Casts doubt upon implementation
The big argument of the generate it approach is “no need to synchronize spec and code anymore!”. Yes that’s true, but that also means you don’t have an independent source of truth for your API’s contract. Whats was agreed on during the design phase may not be what is actually implemented in the end. Without a source of truth independent from actual code, there’s no way to test that what is implement is actually ok. A long time ago, having working with third party contractors building applications for my company that revealed to be a major problem. And even when working with the family, some errors or modifications may happen inadvertently.
Complicates writing documentation
Developers who love to write documentation raise your hands!
Not so many hands risen (that’s a pity, but that’s another story).
This reason is similar to the first one “Complicates design”. When working on APIs, people who write the documentation may not be the one who write the code (and note also they may not be the one who do the design). Doc writers may not want to write code and developers may not want to have people mingling with their codebase.
Lessens documentation quality
You may not know it but pushing the OpenAPI Specification to its limits allows to write totally awesome API documentation that everyone will love (writing about that is on my to do list). That’s especially interesting for private APIs, indeed you may not want to do the same level of effort regarding developer portal and producing content. A complete OpenAPI shown in Redoc, Stoplight Elements or even SwaggerUI will do the trick at almost 0 cost.
But producing such specification requires to uses all the OpenAPI Specification subtleties and unfortunately not all (if not no) generator allows that (and not all developers are willing to do such effort in their code, because previous reason). You may possibly tweak what the generator does to achieve some interesting modifications but at what cost? Whatever you do, generating code irremediably results in less expressive and less complete OpenAPI documents.
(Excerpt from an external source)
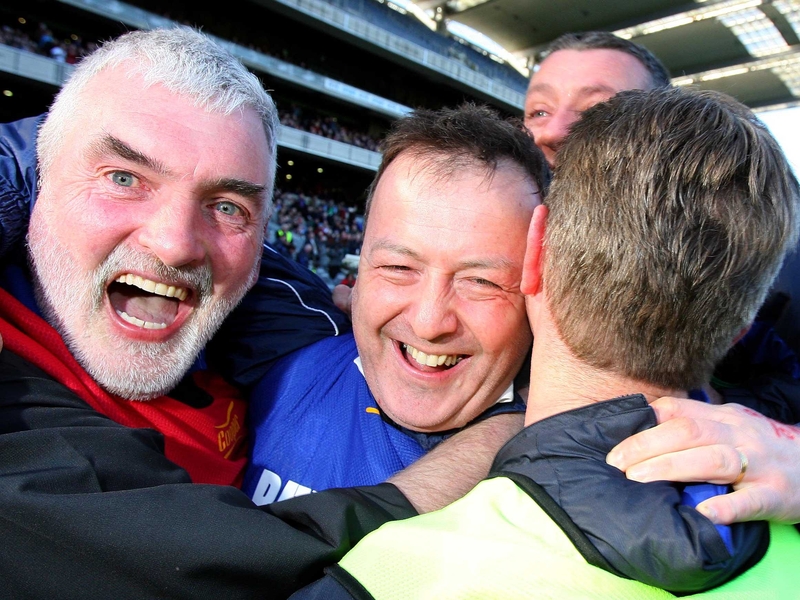 Portumna manager Jimmy Heverin (centre) celebrates at the final whistle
So generating OpenAPI sucks?
That’s not what I said, what you should retain from this is is that there are concerns to be aware of when generating OpenAPI Specification from code when designing and documenting API. OK, the post’s title says “suck”, that’s a clickbait (for totally honorable reasons 😅). Actually and as always, it’s not a matter of right or wrong, it’s a matter of choosing a solution to a given problem according to a context and living with the consequences.
If in your context, people who design, code, and document are the same or are ok to work with code. And if people working on design are sufficiently experimented to not be polluted by existing code and data. And if you’re confident that there will be no variation during implementation. And if you don’t need all OpenAPI subtleties for your API documentation (and frankly, for private APIs, you can live with that). You may generate your OpenAPI documents from code. If not, you may have to rethink your strategy or if it’s too complicated decide knowingly to live with the risks listed in this post.
And regarding “generating OpenAPI” in general there are use cases where it’s incredibly interesting to do it. But that’s another story.